◆ What the task requires ◆
Scan the records beneath this line for the line holding "BESTER Andries 1911-2001" and the line holding "Gold Flamingo Glass", then transcribe exactly those two and all lines between.

◆ Dataset entries ◆
§
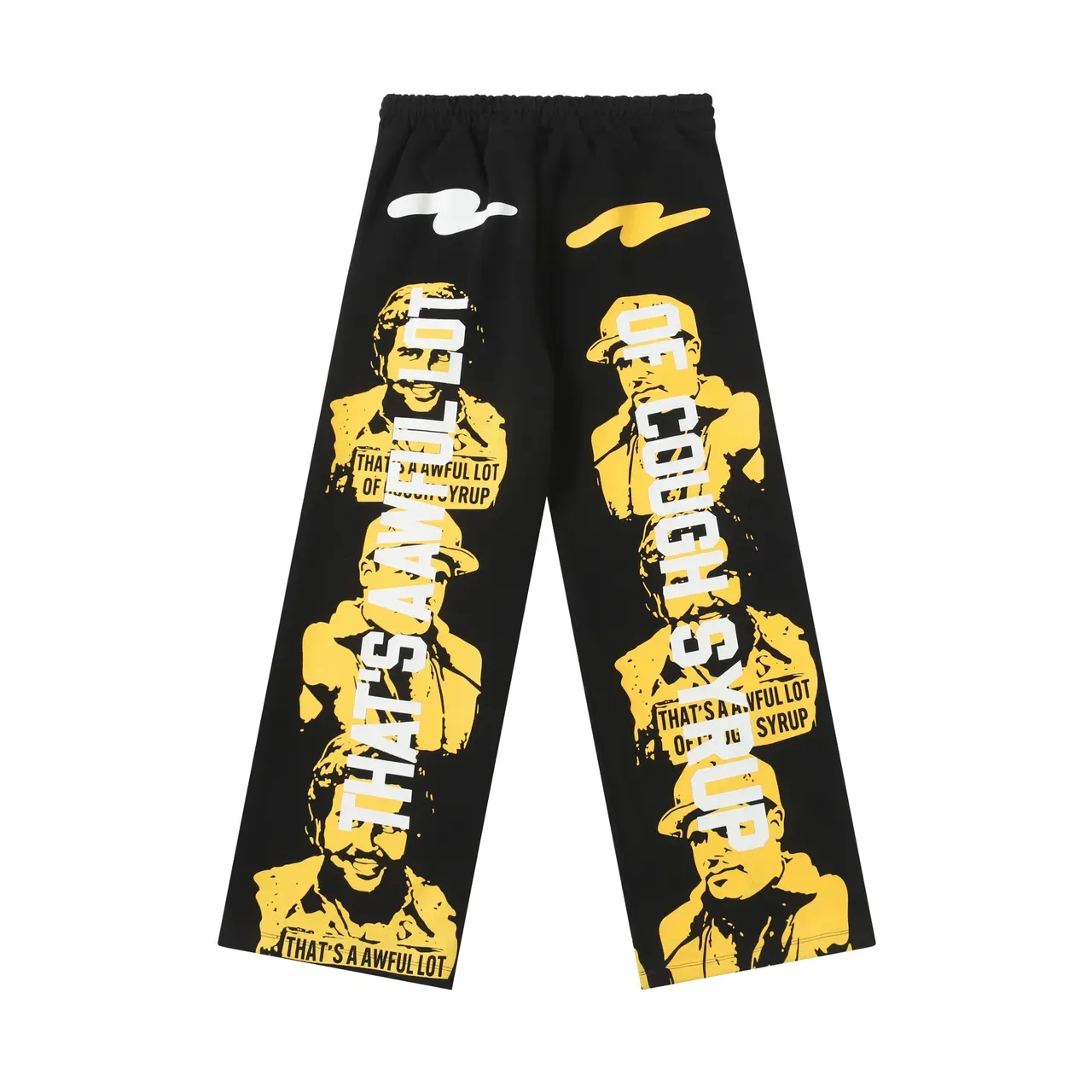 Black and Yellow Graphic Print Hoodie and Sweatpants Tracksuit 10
§
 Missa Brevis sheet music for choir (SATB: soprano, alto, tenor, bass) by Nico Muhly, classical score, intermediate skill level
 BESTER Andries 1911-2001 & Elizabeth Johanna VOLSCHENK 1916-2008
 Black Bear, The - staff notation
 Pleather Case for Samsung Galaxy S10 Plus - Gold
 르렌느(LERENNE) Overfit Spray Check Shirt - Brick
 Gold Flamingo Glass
§
◆ Your solution ◆
 BESTER Andries 1911-2001 & Elizabeth Johanna VOLSCHENK 1916-2008
 Black Bear, The - staff notation
 Pleather Case for Samsung Galaxy S10 Plus - Gold
 르렌느(LERENNE) Overfit Spray Check Shirt - Brick
 Gold Flamingo Glass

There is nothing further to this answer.